■ MATERIAL FOR THIS TASK ■

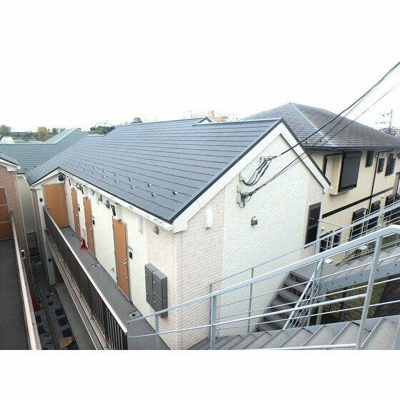 【エントランス】 | モキハイツ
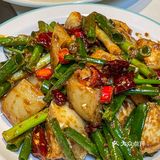 又发现一家好吃的东北铁锅炖‼️香起飞了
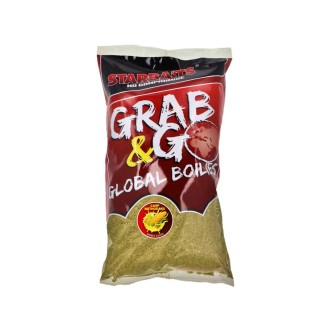 STARBAITS Method Mix Global 1.8 kg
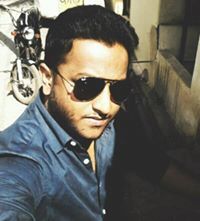Dhanraj Wali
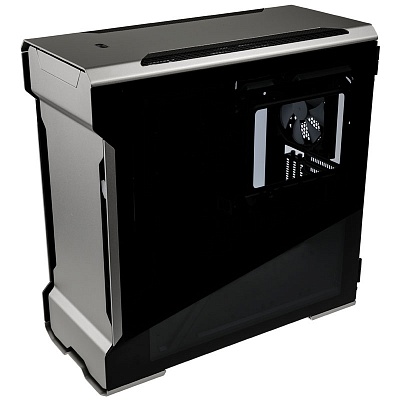 Phanteks Enthoo Evolv X Glass - Galaxy Silver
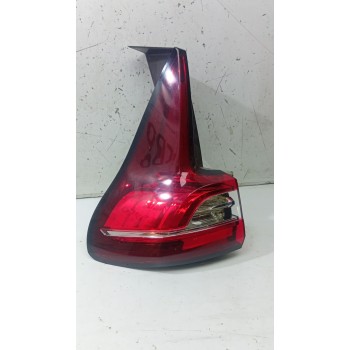 PILOTO TRASERO IZQUIERDO 265553283R / 265556150R  - miniatura 1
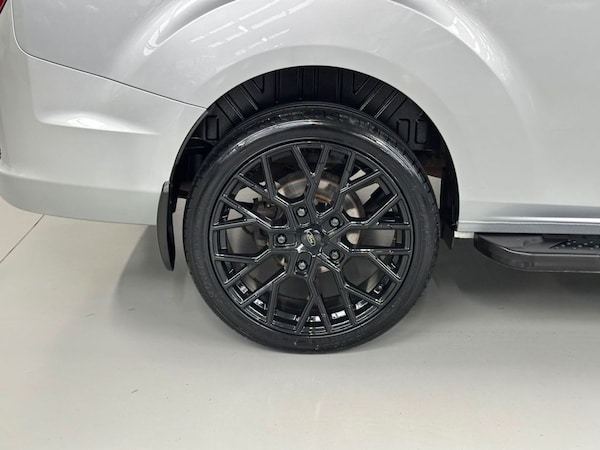 Used Ford Transit Custom 2019 for sale - 76203253: Photo 33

■ WORK TO COMPLETE ■
What you return must match the entries above exactly, apart from the pictures, which are left out.

■ THE ANSWER ■
 【エントランス】 | モキハイツ
 又发现一家好吃的东北铁锅炖‼️香起飞了
 STARBAITS Method Mix Global 1.8 kg
Dhanraj Wali
 Phanteks Enthoo Evolv X Glass - Galaxy Silver
 PILOTO TRASERO IZQUIERDO 265553283R / 265556150R  - miniatura 1
 Used Ford Transit Custom 2019 for sale - 76203253: Photo 33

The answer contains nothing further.